2 このアクセシビリティ・ガイドについて

このガイドは、アシスティブ・テクノロジおよびキーボードを使用してOracle Application Expressにアクセスするための一般的な説明と、すべてのユーザーがアクセスしやすく、非常に使いやすいOracle Application Expressアプリケーションを開発するためのガイドラインの、2つの項で構成されています。

「オラクル社は、職場環境全体を向上させ、従業員、当社のお客様および当社のお客様のお客様の生産性に貢献する、アクセスしやすいテクノロジおよび製品の制作に取り組んでいます。」 — オラクル社、最高経営責任者、Safra Catz

アクセシビリティの概要

Webアクセシビリティとは、障害を持った方々がWebを効果的に使用してWebに参加できることを意味しています。障害を持ったの方々が確実にOracle Application Expressを使用できるようにするには、よりアクセスしやすいWebアプリケーションおよびソフトウェアを設計および開発する必要があります。

アクセシビリティはチェックリストのみではなく、継続中の計画された取り組みです。このガイドの目的は、プロセス計画を開始し、Oracle Application Expressを使用してアクセスしやすいアプリケーションを構築する方法を理解できるようにすることです。

Oracle Application Expressのアクセシビリティについて

Oracle Application Expressは、SQLおよびPL/SQLを使用してWebアプリケーションを開発するためのOracleの主要ツールです。Webブラウザのみを使用して、デスクトップおよびモバイル・デバイス用のプロフェッショナルなWebベースのアプリケーションを開発およびデプロイできます。Oracle Application Expressは、Oracle Databaseの無償オプションとして完全にサポートされています。デフォルトでOracle Databaseのすべてのエディションにインストールされています。

Oracle Application Expressは、ユニバーサル・テーマ(UT)を含み、WCAG 2.0のAAレベルまで、および第508条の該当基準に基づいたOracleの企業Webアクセシビリティ・ガイドラインに従っています。Oracle Application Expressがこれらの基準にどの程度正確に満たしているかについては、これらのガイドラインへの準拠についてのフレームワークを明記した、Oracle Application Express用のVPATに記載されています。

2.1 Webアクセシビリティとは

このガイドでは、Web Content Accessibility Guidelines 2.0 (WCAG 2.0)を参照して、関連する基準でガイドラインの一部を補強し、詳しい解説を示します。

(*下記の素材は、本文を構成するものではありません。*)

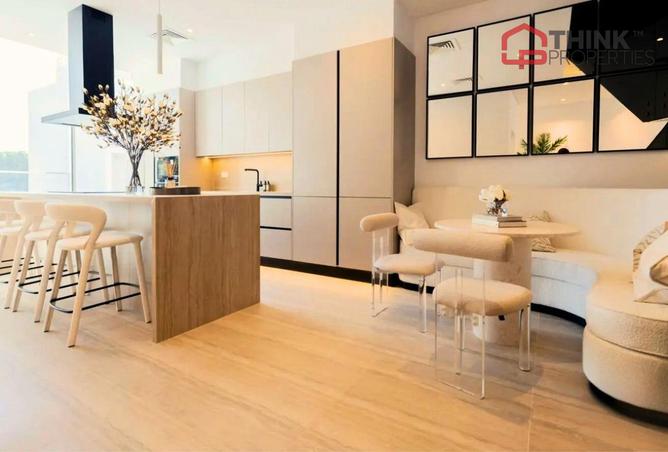 15517392 - صورة العقار 3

W3Cによると、Webアクセシビリティとは、障害を持った方々がWebに対して認識、理解、ナビゲーションおよび対話でき、Webに貢献できることを意味しています。Webへのアクセスに影響のある障害は、視覚、聴覚、発話、認知、身体、神経の障害に分類できます。Webアクセシビリティの目的は、障害を持ったユーザーに平等なアクセスを提供することです。つまり、開発者はよりアクセスしやすいWebアプリケーションおよび製品を構築することに重点を置く必要があります。障害を持った方々以外にも、身体的機能の低下した高齢の方や制限された状況にいる方(たとえば、低速のインターネット接続、音声がないなど)も、アクセスしやすいアプリケーションおよび製品の恩恵を受けることができます。

アクセシビリティの原則

W3Cによって策定されたWCAG 2.0は、アクセシビリティの4つの原則を次のように定義しています。
  • 知覚可能: 情報およびユーザー・インタフェース・コンポーネントは、ユーザーが知覚できる方法でユーザーに提示可能でなければならない。つまり、ユーザーは提示された情報を知覚できなければならない。
  • 操作可能: ユーザー・インタフェース・コンポーネントおよびナビゲーションは操作可能でなければならない。つまり、ユーザーはインタフェースを操作できなければならない。
  • 理解可能: 情報およびユーザー・インタフェースの操作は理解可能でなければならない。
  • 堅牢: コンテンツは、アシスティブ・テクノロジを含む様々なユーザー・エージェントが確実に解釈できるように十分に堅牢でなければならない。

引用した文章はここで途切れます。